Target 11: The case of the missing man and the milk carton

ALIQUIPPA, Pa. — It’s been more than a decade since Kenneth Williams seemingly vanished.

“He’s a very special individual. The most intelligent person I’ve ever met. I miss conversations with him,” said Aishia Fisher, his sister.

The last time she spoke with her brother was in May 2011 at her home in Aliquippa late one evening.

He was agitated about something and someone.

“He was like, ‘How could somebody who owes you something, be upset that you are asking for what you’re owed?’” said Fisher.

She eventually managed to calm him down.

Williams, who was on medication for bipolar disorder, then left and briefly stopped at his mom’s house in Monaca, and told her he had just lost his job.

He left in a black Ford 500 sedan, and hasn’t been seen or heard from since.

And there’s been no activity on his cell phone or bank cards.

“It’s just really weird that a person like Mr.
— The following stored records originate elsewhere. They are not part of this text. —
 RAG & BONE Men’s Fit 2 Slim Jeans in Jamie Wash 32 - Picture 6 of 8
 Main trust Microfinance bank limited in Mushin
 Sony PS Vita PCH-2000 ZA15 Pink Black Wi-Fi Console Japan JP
Williams would totally vanish,” said Beaver County Detective Timmie Patrick, who reopened the case file for Target 11.

“This happened in the city of Ambridge. This is a 2011 case. Mr. Williams went missing in May,” said Patrick.
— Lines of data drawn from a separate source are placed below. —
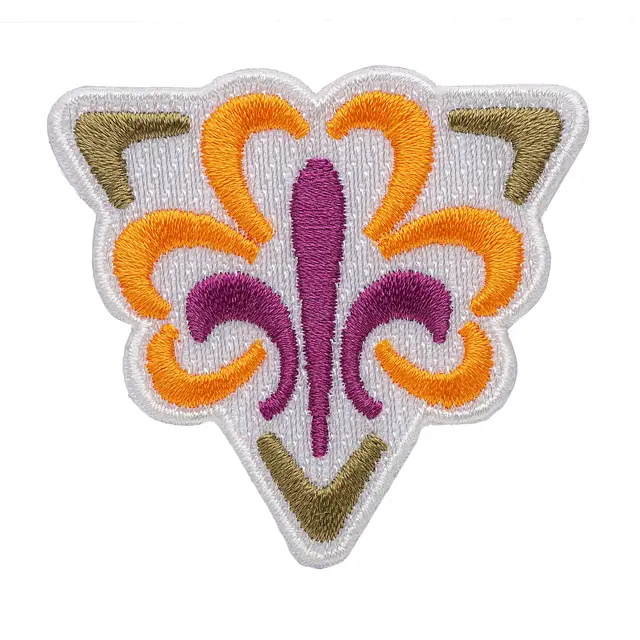 Forbundsmerke med smeltelim KM Forbundsmerke 5 cm Smeltelim 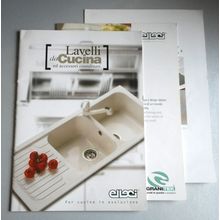 1990s Vintage ELLECI Italian Kitchen Granite SInk/Hob Granitek Sales Brochures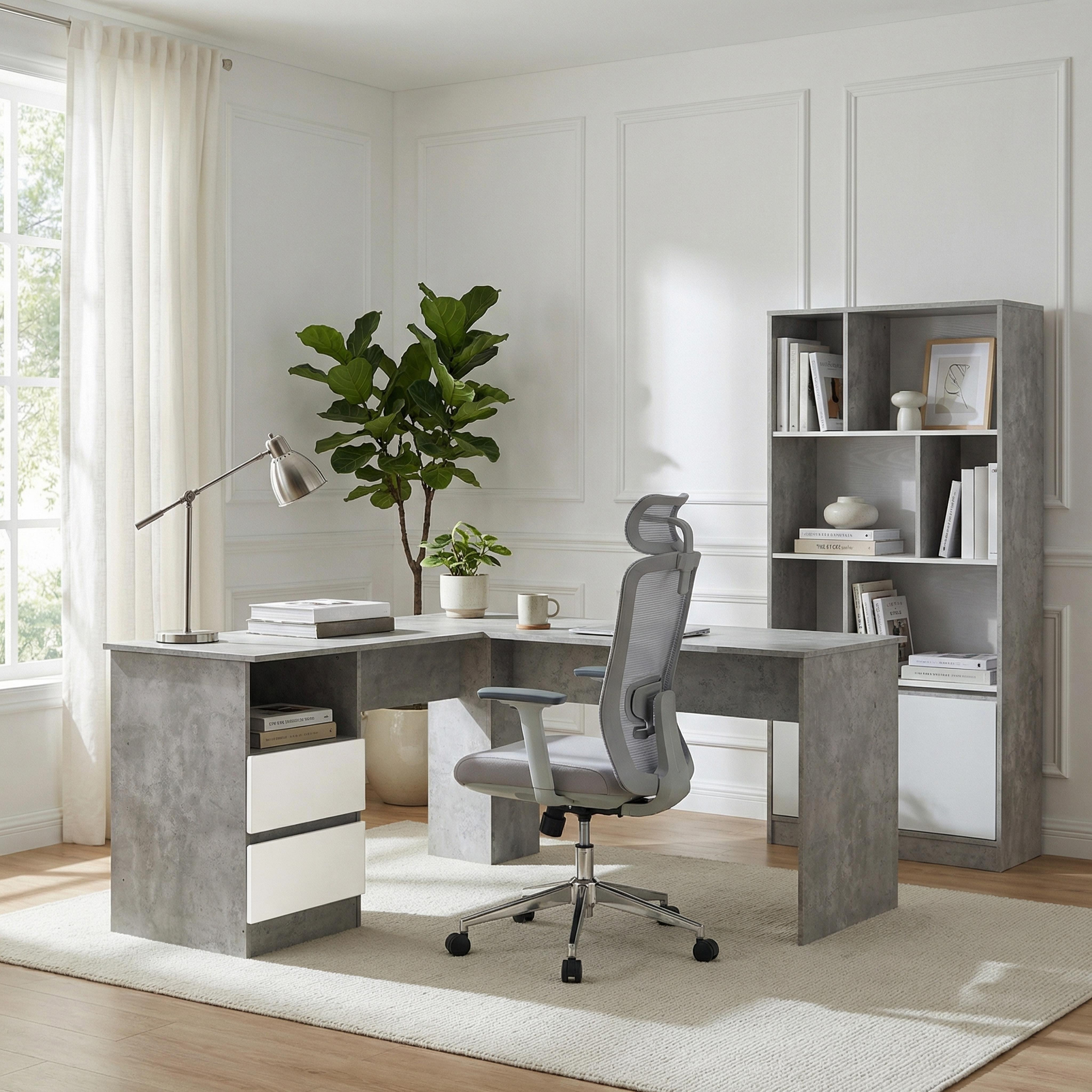 Alford Patara Nxt 2-Drawer Corner Study Desk-hbxfurniture-office-desks-image-5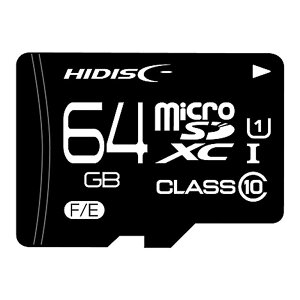 �}�C�N��SD�J�[�h 64GB microSDXC HIDISC ���C������ CLASS10 UHS-I R:90MB/s ���{��p�b�P�[�W HDMCSDX64GCL10UIJP-WOA ����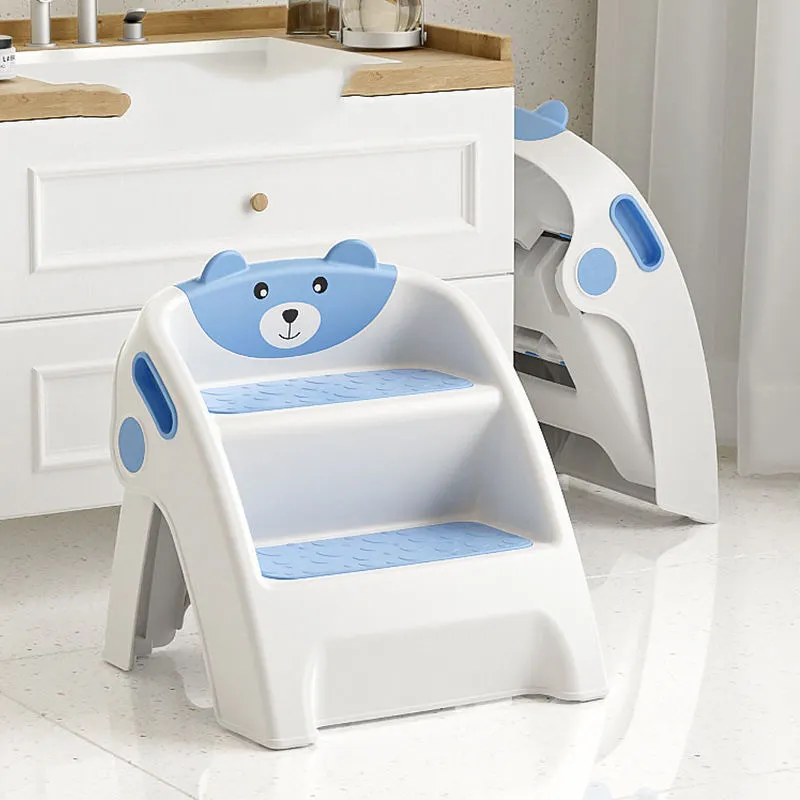 Tabouret Double en plastique pour bébé, haute qualité, pour enfants, salle de bain, aide à la cuisine, pot Squatty, toilettes, tabouret à deux marches 1
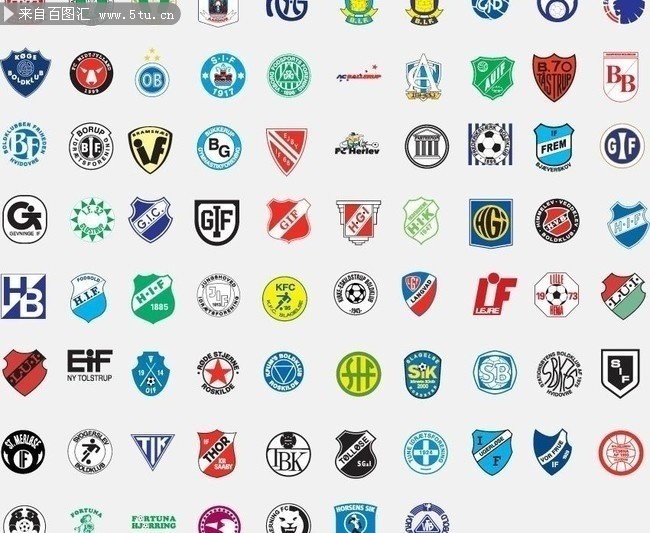 足球俱乐部标志图片矢量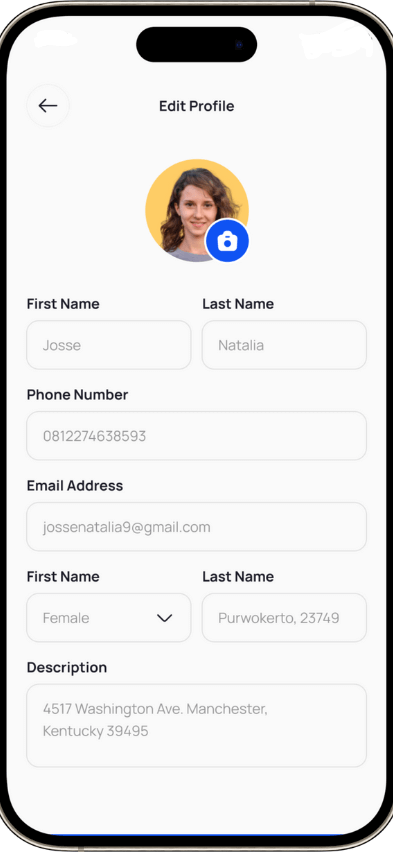 Boat Rental Script profile screen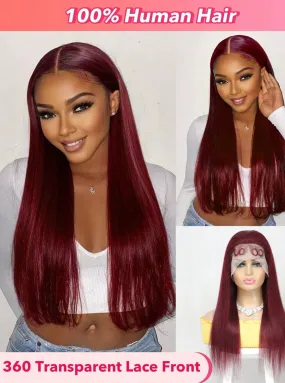 Straight 360 Lace Front Human Hair Wig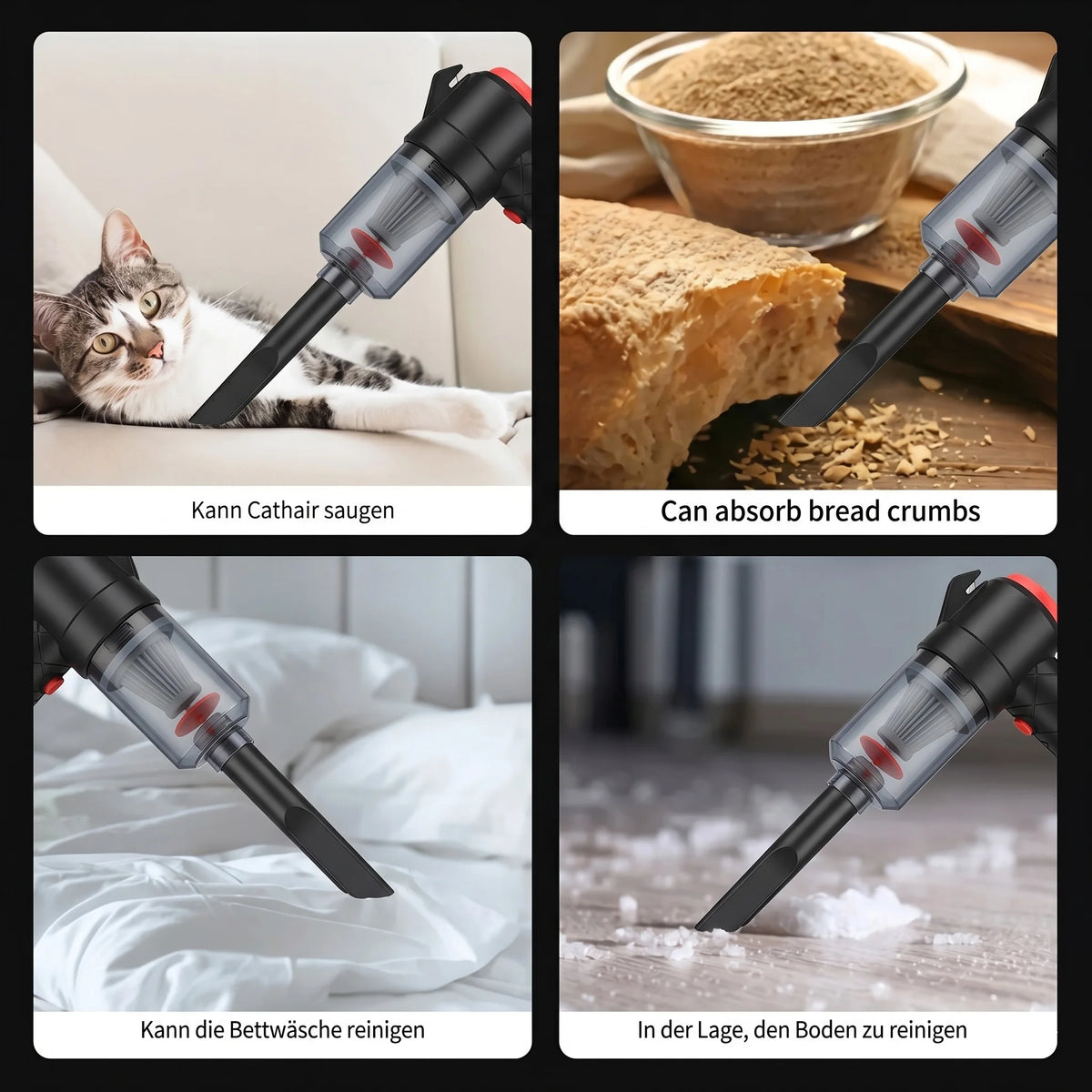 Cordless Mini Handheld Vacuum for Car and Home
His car was found unlocked off a logging road in a remote wooded area near Morgantown, West Virginia, about 80 miles south of where he lived in Ambridge.
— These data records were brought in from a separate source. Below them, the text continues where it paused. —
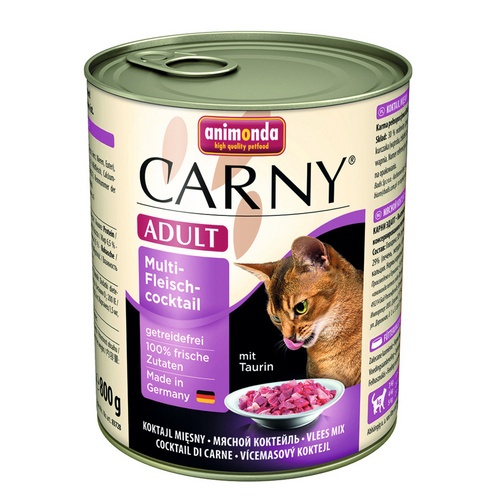 ANIMONDA Katzen Nassfutter »Carny «, 6 Beutel à 800 g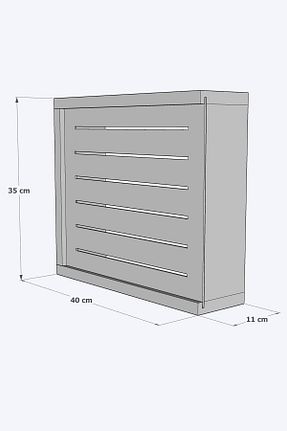 جعبه دکوراتیو قهوه ای چوب PİMDEC - کد 844882155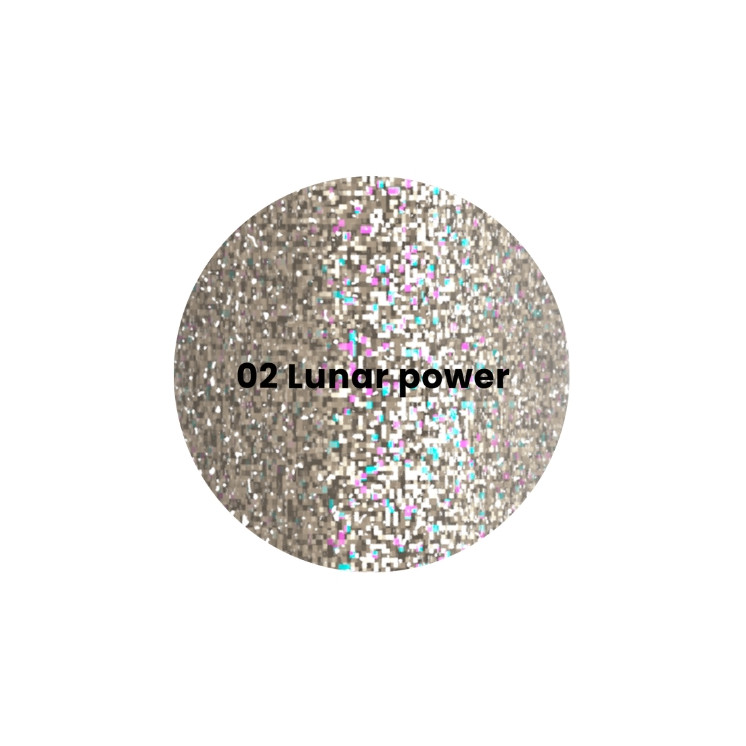Stars from the Stars Dreamworld tinsel Liquid shadow /02/ Lunar power 1.7 g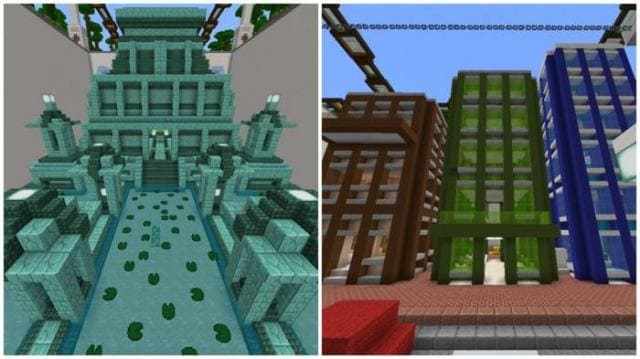 Скачать карту на коридорный паркур в Minecraft PE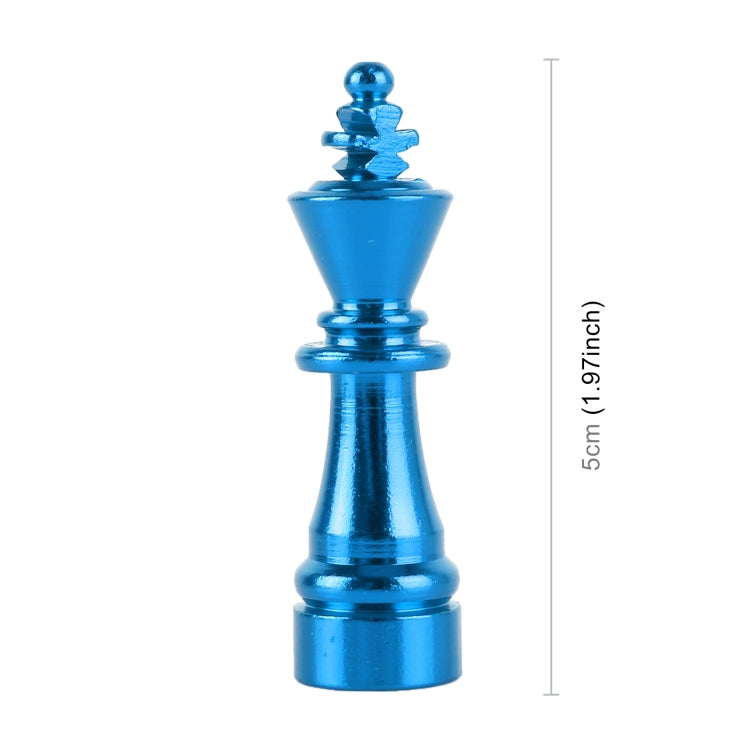 4 PCS Chess 3 Shape Gas Cap Mouthpiece Cover Tire Cap Car Tire Valve Caps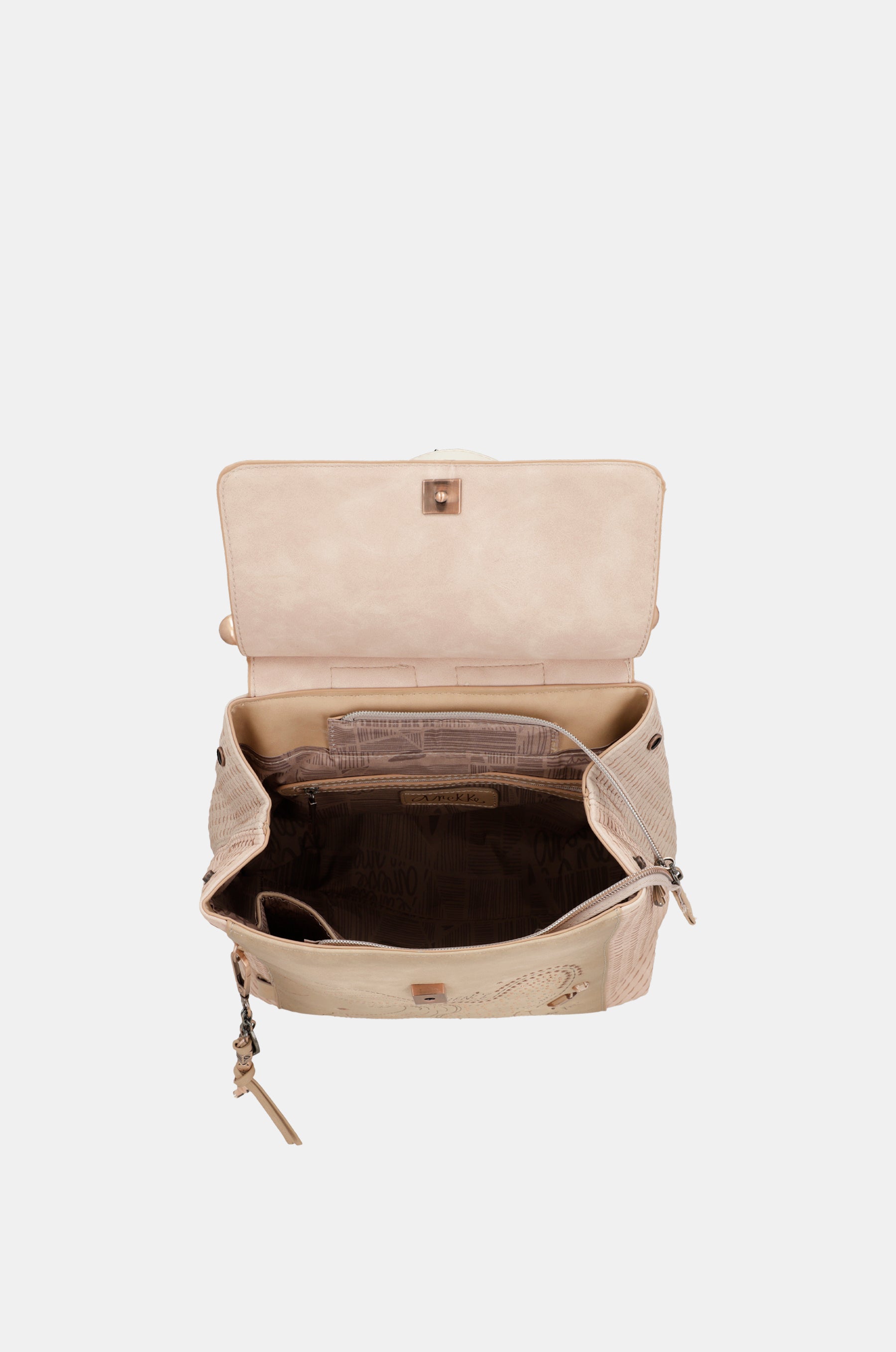 Mochila con solapa Nude Studio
Det. Patrick: If you were driving there, you had to drive there with a purpose. You just don’t drive there.

Earle: You wouldn’t have gone there?

Det. Patrick: No, no you are like smack dab in the middle of the woods.

Investigators using cadaver dogs conducted an exhaustive three-day search of the area, but there was no sign of Williams.

While there was nothing to indicate foul play at the time, investigators did discover some things in the car that are now raising serious questions about what happened to Williams and who else may have been with him.

For instance, the driver’s seat in his car was moved too far forward for a man of Williams’ height.

The radio was tuned to a hip-hop station, and he listened to classical. But perhaps the most startling evidence in the car, a small milk carton found on the floorboard.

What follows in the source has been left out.